Give again, word for word, every line in the entries below from the line with "15361 Mondamon Rd, Apple" up to and including the line with "Універсал Toyota Avensis 1998 в Одесі", and no other line.
*** Records provided
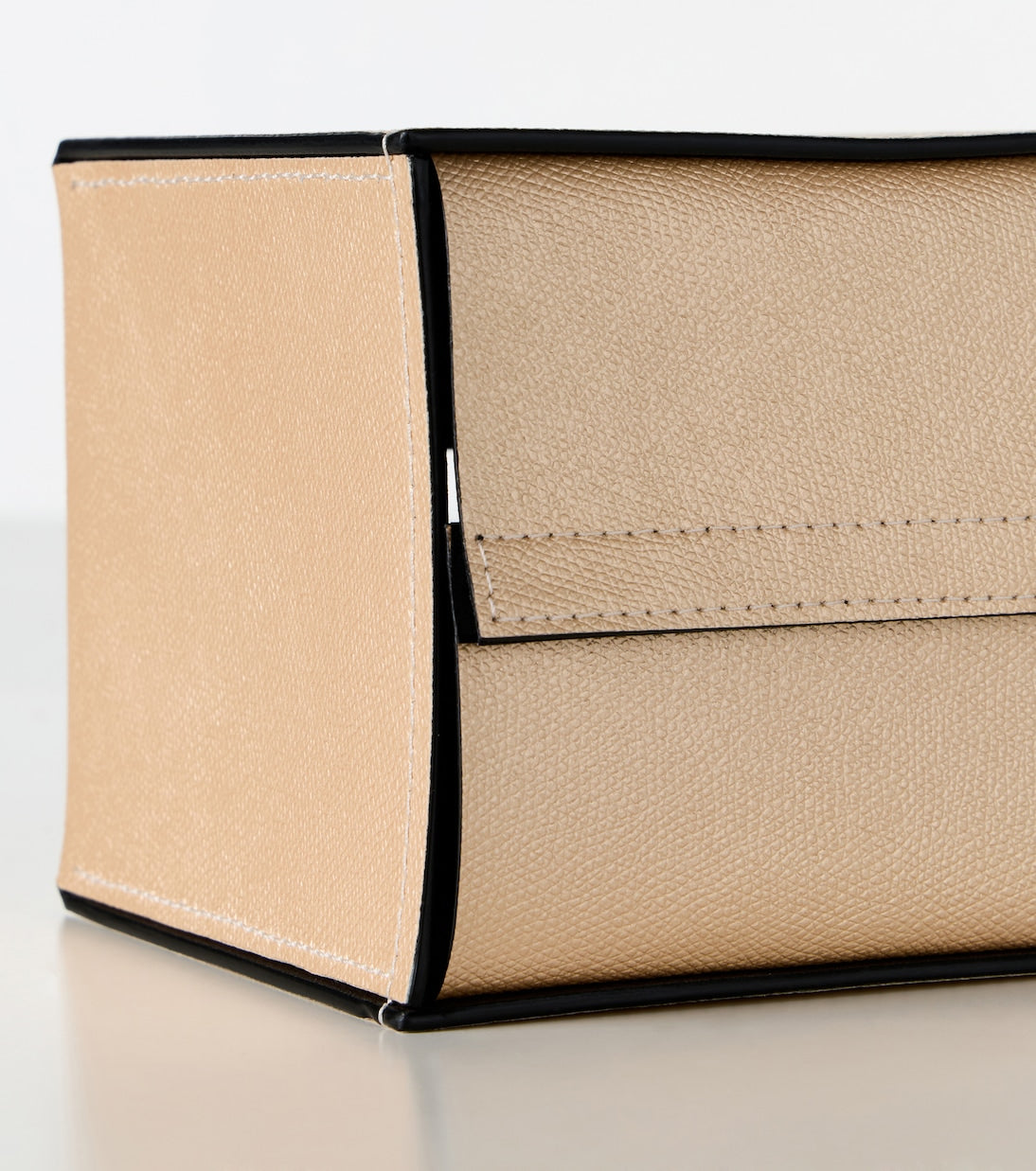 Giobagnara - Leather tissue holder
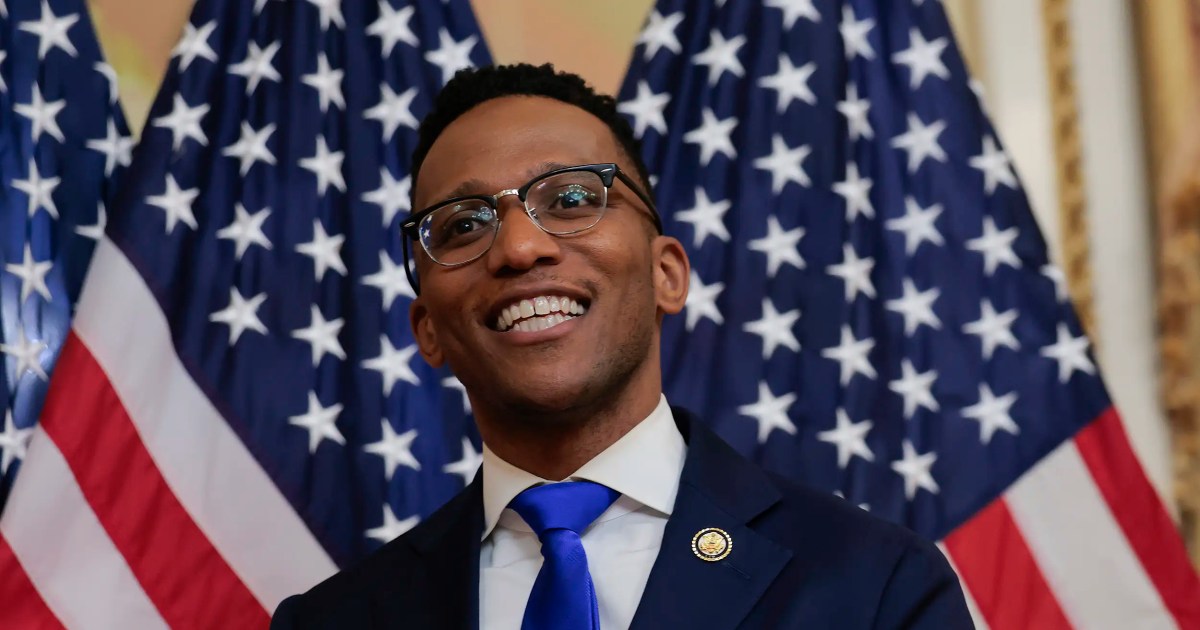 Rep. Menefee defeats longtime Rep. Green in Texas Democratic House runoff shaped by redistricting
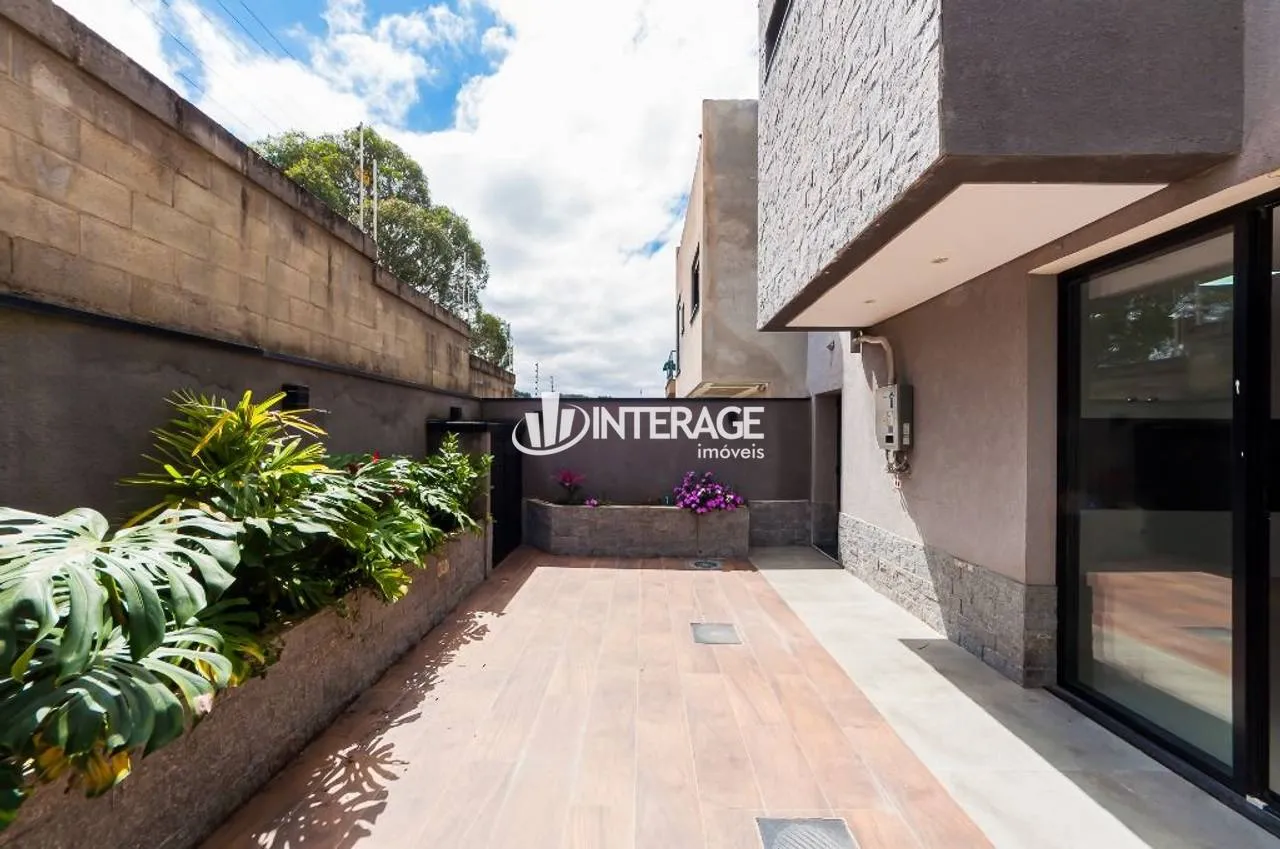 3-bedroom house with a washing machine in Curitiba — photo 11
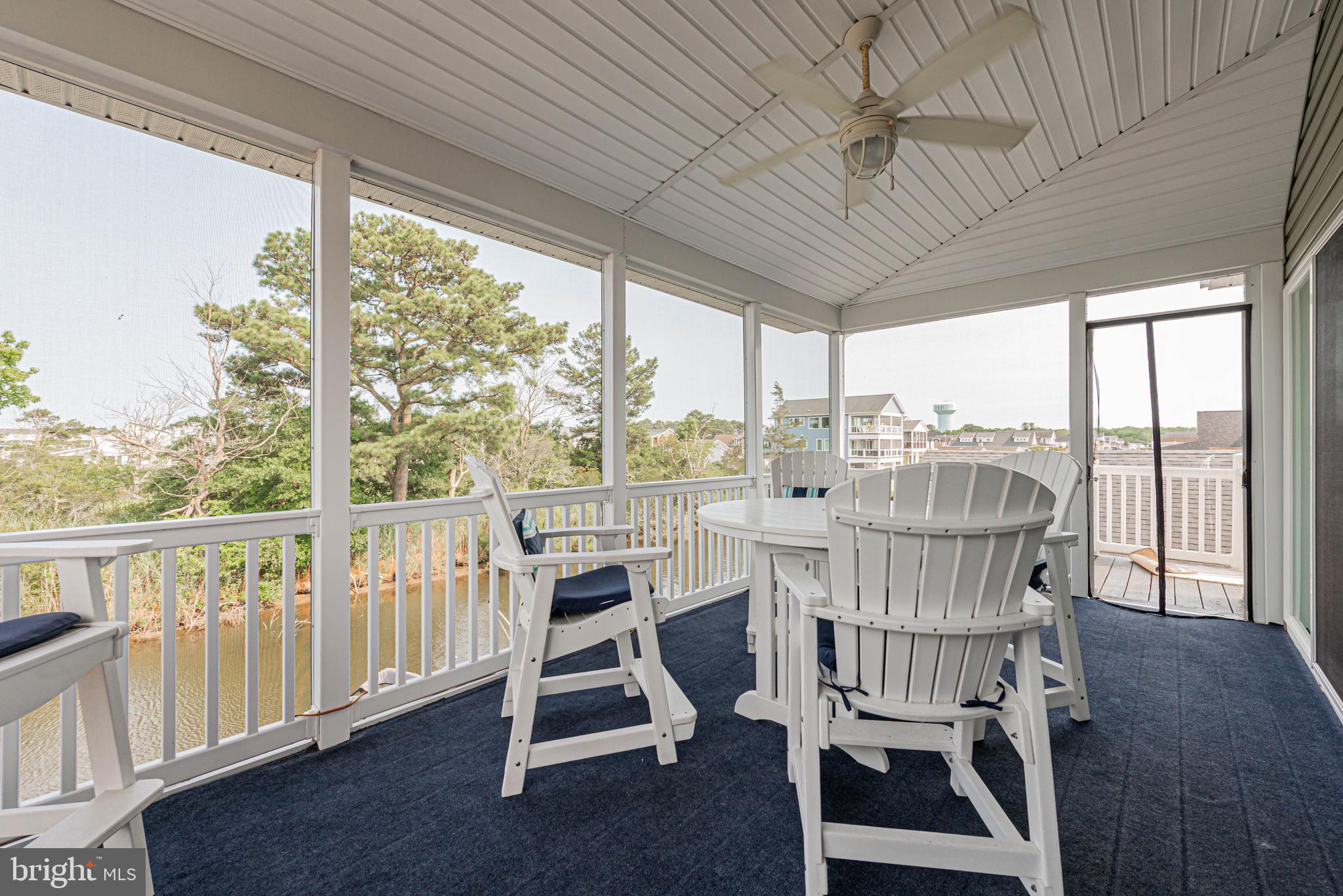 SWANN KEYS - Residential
******
*** Records provided
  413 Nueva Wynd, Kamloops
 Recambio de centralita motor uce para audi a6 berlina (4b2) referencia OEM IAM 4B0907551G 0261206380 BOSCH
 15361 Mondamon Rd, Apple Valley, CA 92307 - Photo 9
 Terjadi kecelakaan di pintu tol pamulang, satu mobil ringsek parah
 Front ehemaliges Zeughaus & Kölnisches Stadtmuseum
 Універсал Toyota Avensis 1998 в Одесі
******
*** Records provided
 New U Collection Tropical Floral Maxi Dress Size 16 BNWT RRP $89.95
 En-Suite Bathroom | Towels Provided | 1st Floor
******
* _Result of the exercise_:
 15361 Mondamon Rd, Apple Valley, CA 92307 - Photo 9
 Terjadi kecelakaan di pintu tol pamulang, satu mobil ringsek parah
 Front ehemaliges Zeughaus & Kölnisches Stadtmuseum
 Універсал Toyota Avensis 1998 в Одесі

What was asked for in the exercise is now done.